Kepala Badan Pengelolaan Lingkungan Hidup Daerah (BPLHD) Jabar Anang Sudarna mengatakan kerusakan sudah teridentifikasi seusai pihaknya bersama sejumlah dinas melakukan perjalanan darat menyusuri 7,7 kilometer di DAS Citarum 20 kilometer pertama.
“Kami memverifikasi langsung di lapangan, persoalannya banyak,” katanya di Bandung, Jumat (11/4/2014).
Persoalan itu antara lain kotoran hewan, pertanian, sanitasi, pembuangan limbah, instalasi pembuangan air limbah (IPAL) tak optimal, hingga alih fungsi lahan. Dari 5 desa, setidaknya lebih dari 1.000 lahan milik negara beralih fungsi lahan dari perkebunan dan hutan menjadi lahan tanaman sayur.
Data BPLHD Jabar mencatat di 0-20 kilometer pertama DAS Citarum di 5 kecamatan di Kabupaten Bandung, lahan kritis mencapai 8.311,80 hektar. Rinciannya untuk hutan konservasi kritis 1.117,68 hektar, sangat kritis 43 hektar. Hutan lindung kritis 3.638,91 hektar, dan sangat kritis 294,45 hektar. Hutan produksi sangat kritis 4,24 hektar.

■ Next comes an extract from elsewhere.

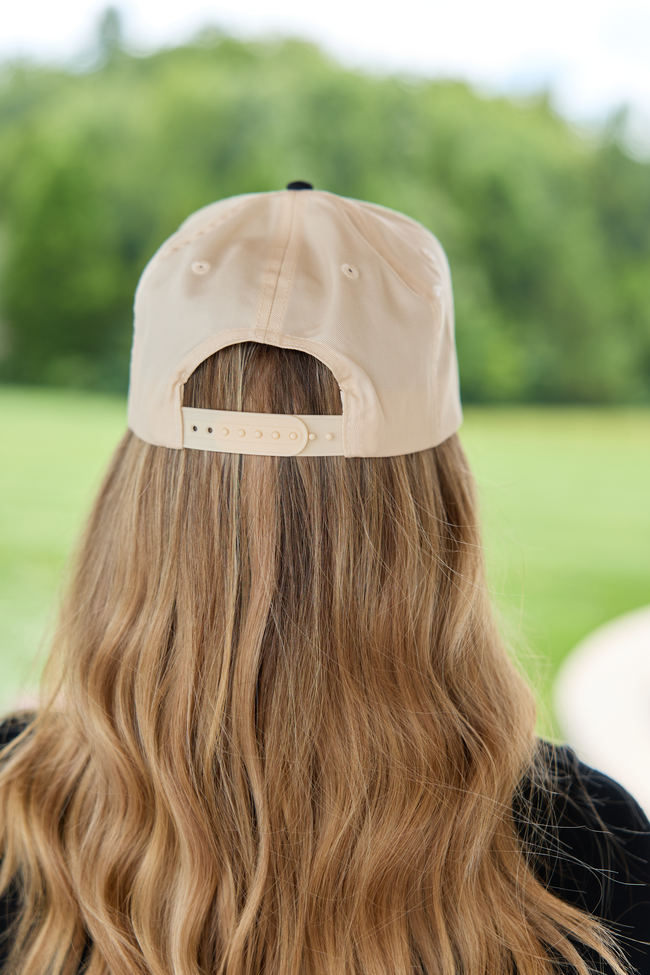 Hocus Pocus Natural/Black Embroidered Trucker Hat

Menurut Anang, lahan yang beralih fungsi untuk tanaman sayuran harus segera dicarikan solusinya. Untuk mengurangi erosi di kawasan ini dibutuhkan strategi tepat. Salah satunya eco-village atau desa ramah lingkungan. “Ada juga strategi pengendalian pencemaran dan pembinaan hukum.”
Lewat desa ramah lingkungan, masyarakat dituntut turut mengelola lingkungan dengan lebih berbudaya. BPLHD sudah menurunkan tim fasilitator dari komunitas dan aktifis lingkungan di desa-desa tertentu. “Ada 24 fasilitator kami rekrut untuk melatih masyarakat soal pertanian, sanitasi,” katanya.

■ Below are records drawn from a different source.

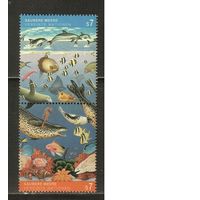 ООН(Вена)-1992(Мих.127-128) , **  , Морская Фауна,  (полная серия)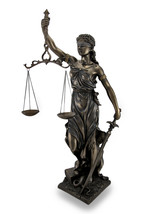 Bronzed Goddess of Justice `Themis` Sculptured Statue - £272.91 GBP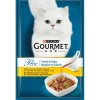 Pollo con Trionfo di salsa per gatto Purina Gourmet Perle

Untuk industri yang berjumlah 71, pihaknya pun mulai melakukan pembinaan. Pihaknya menemukan 4 kasus yang dilakukan industri di wilayah Majalaya, antara lain industri memiliki IPAL tapi tidak dimanfaatkan secara optimal, tidak patuh aturan dan tidak melaporkan. “Mereka juga menggunakan batu bara sebagai bahan bakar yang limbahnya jelas B3,” katanya.
Sejauh ini sudah ada 7 industri yang ditangani dengan mendapat sanksi administrasi seperti teguran keras. Satu perusahaan sudah diajukan ke pengadilan karena terbukti membuang langsung limbah ke Citarum tanpa diolah. “Mereka perusahaan besar, punya IPAL tapi tidak mengolah, alasannya karena penghematan,” papar Anang.